TL;DR The abstractive summarization challenge
With the vast amounts of information being generated online, summarization has always been used
in empowering users to quickly decide if they need to read lengthy articles. This problem is
further exacerbated on social media platforms where users write informally with little concern
for style, structure or grammar. In this challenge, participants will specifically generate
summaries for social media posts.
For the first time, we have created one of the largest datasets for neural summarization (Webis-TLDR-17 Corpus) by mining Reddit - an online discussion forum which encourages the practice of providing a "tldr- a short, paraphrased summary" by the author of a post. We invite participants to test and develop their neural summarization models on our dataset to generate such TLDRs; as an incentive, we provide a free, extensive qualitative evaluation of your models through dedicated crowdsourcing.
November 5th, 2018 : Training data available, competition begins. (Registrations closed)
March 15th, 2019 : Submission system open.
April 15th, 2019 : Leader board (TIRA)
June 1st, 2019 : Submission system closed (23:59 PM UTC), manual evaluation begins.

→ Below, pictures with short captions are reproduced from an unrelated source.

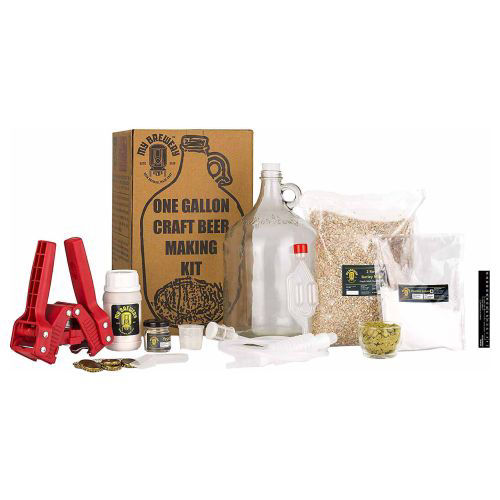 Buy Online My brewery Belgian Wit Beer Brewing Kit in UAE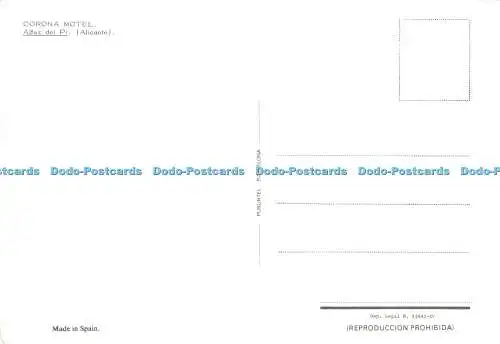 D127541 Corona Motel Alfaz del Pi Alicante Publintel Multi View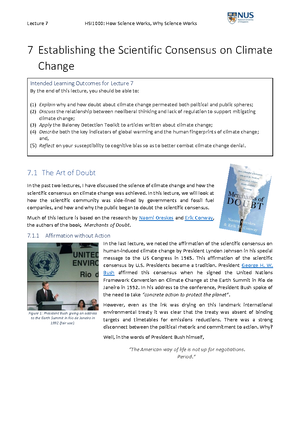 L06+Detailed+Notes - 6 Establishing the Scientific Consensus on Climate ...
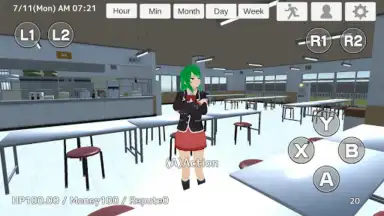 Captura de tela de School Out Simulator2 9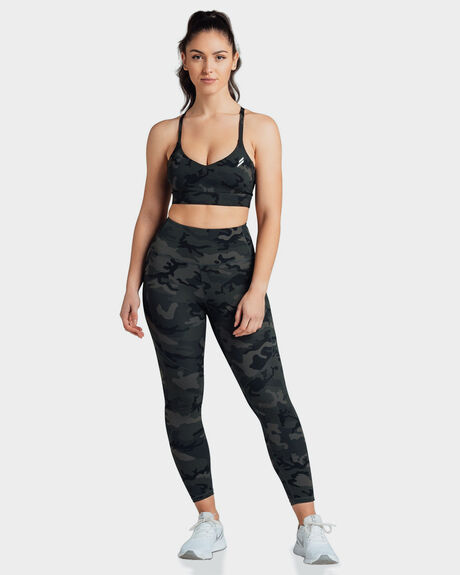 CAMO WOMENS ACTIVEWEAR DOYOUEVEN SPORTS BRAS - H.14.XS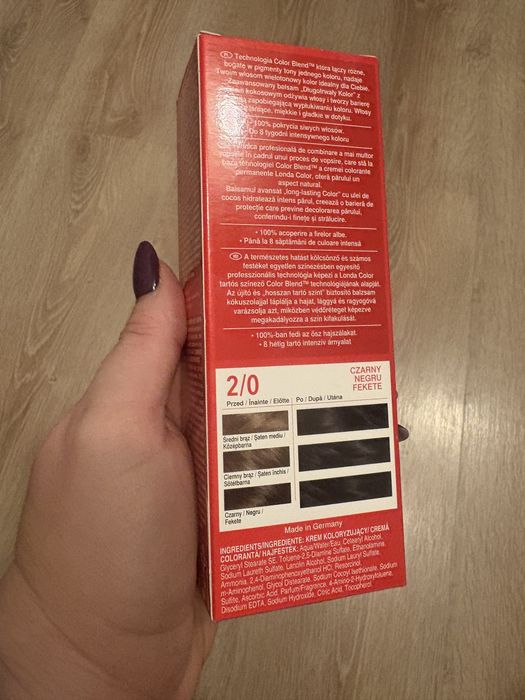 Londa farby do włosów 2szt nowe, nie używane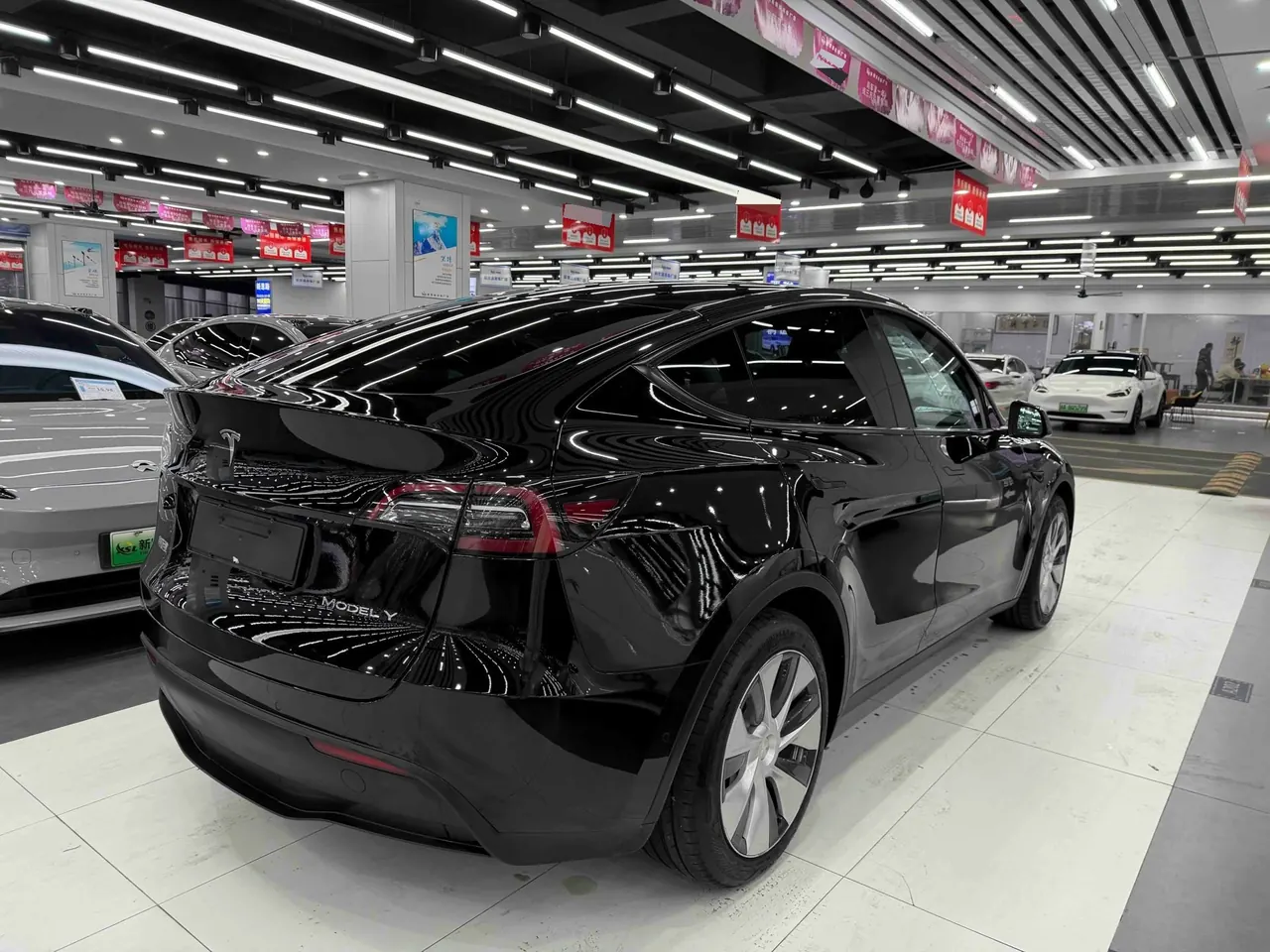 Tesla 2022 Model Y rear-wheel drive version (facelift) automatic gear 7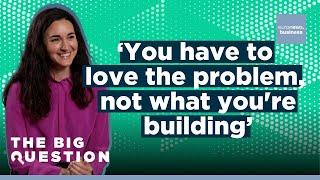 Is Europe a good place for start-ups? | Roxanne Varza, Station F | The Big Question FULL EPISODE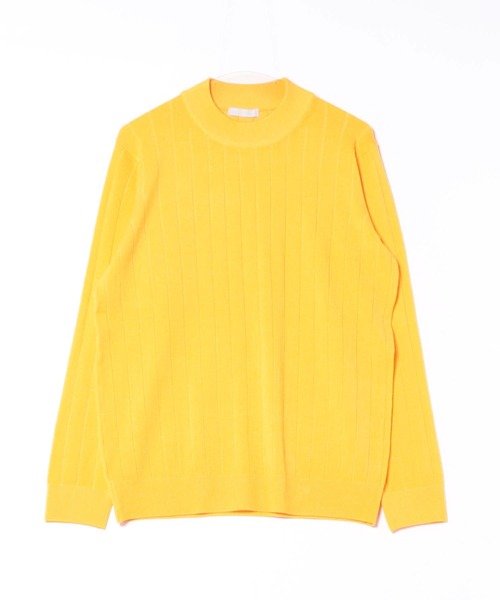 セーター ニット 「TRANSITION×G-STAGE」G-STAGE別注ワイドリブ編み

We provide a corpus consisting of approximately 3 Million content-summary
pairs mined from Reddit. It is up to the participants to split this into training and validation
accordingly. Details about
the corpus construction can be found in our publication:
TL;DR: Mining Reddit to Learn Automatic Summarization
To provide fast approximations of model performance, the public leaderboard will be updated with ROUGE scores. You will be able to self-evaluate your software using the TIRA service. You can find the user guide here. Additionally, a qualitative evaluation will be performed through crowdsourcing. Human annotators will rate each candidate summary according to five linguistic qualities as suggested by the DUC guidelines.